◆ **About this exercise**: Retype the records below exactly as they stand, omitting the pictures.

--- Record extracts Enclosed Below ---

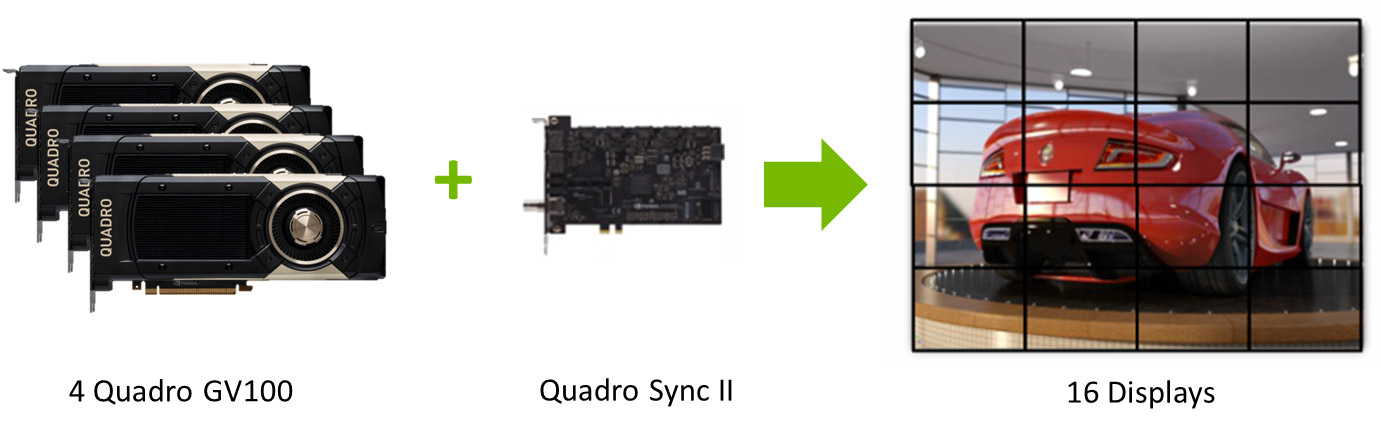 NVIDIA Quadro Sync II NVIDIA Quadro Sync II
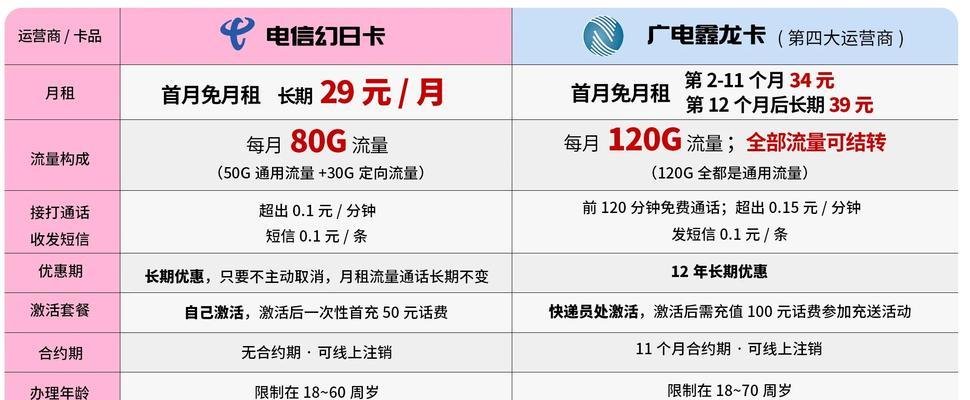 移动随身wifi流量是如何产生的？计费标准是什么？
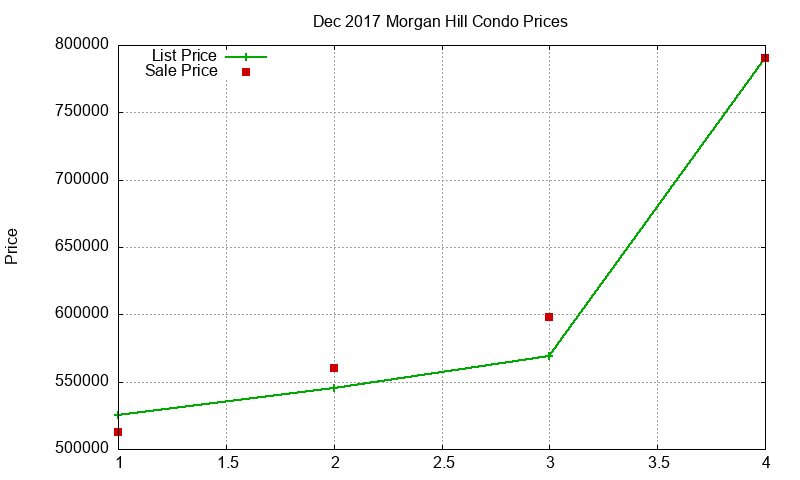 Morgan Hill Condos Just Sold 2017-12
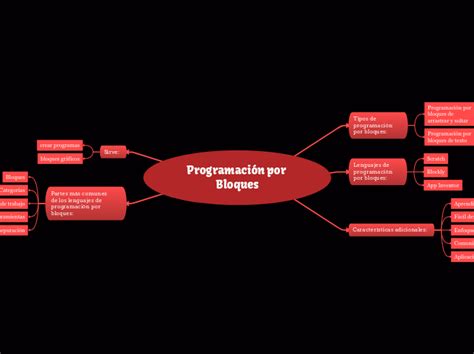 Programaci N Por Bloques Mind Map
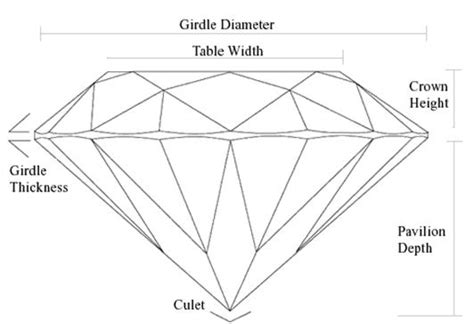 GEMSTONE SHAPES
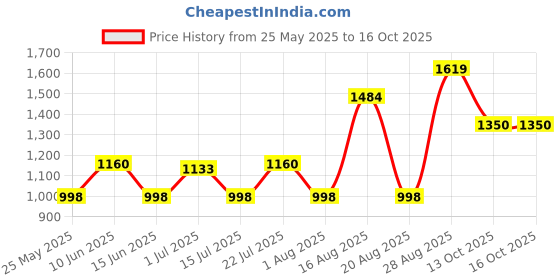 myntra.com Parx Men Blue Skinny Fit Mildly Distressed Heavy Fade Non Stretchable Jeans parx Price History Graph from 25 May 2025 to 13 Oct 2025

--- End of Enclosed Record extracts ---

◆ **Output for this exercise**:
 NVIDIA Quadro Sync II NVIDIA Quadro Sync II
 移动随身wifi流量是如何产生的？计费标准是什么？
 Morgan Hill Condos Just Sold 2017-12
 Programaci N Por Bloques Mind Map
 GEMSTONE SHAPES
 myntra.com Parx Men Blue Skinny Fit Mildly Distressed Heavy Fade Non Stretchable Jeans parx Price History Graph from 25 May 2025 to 13 Oct 2025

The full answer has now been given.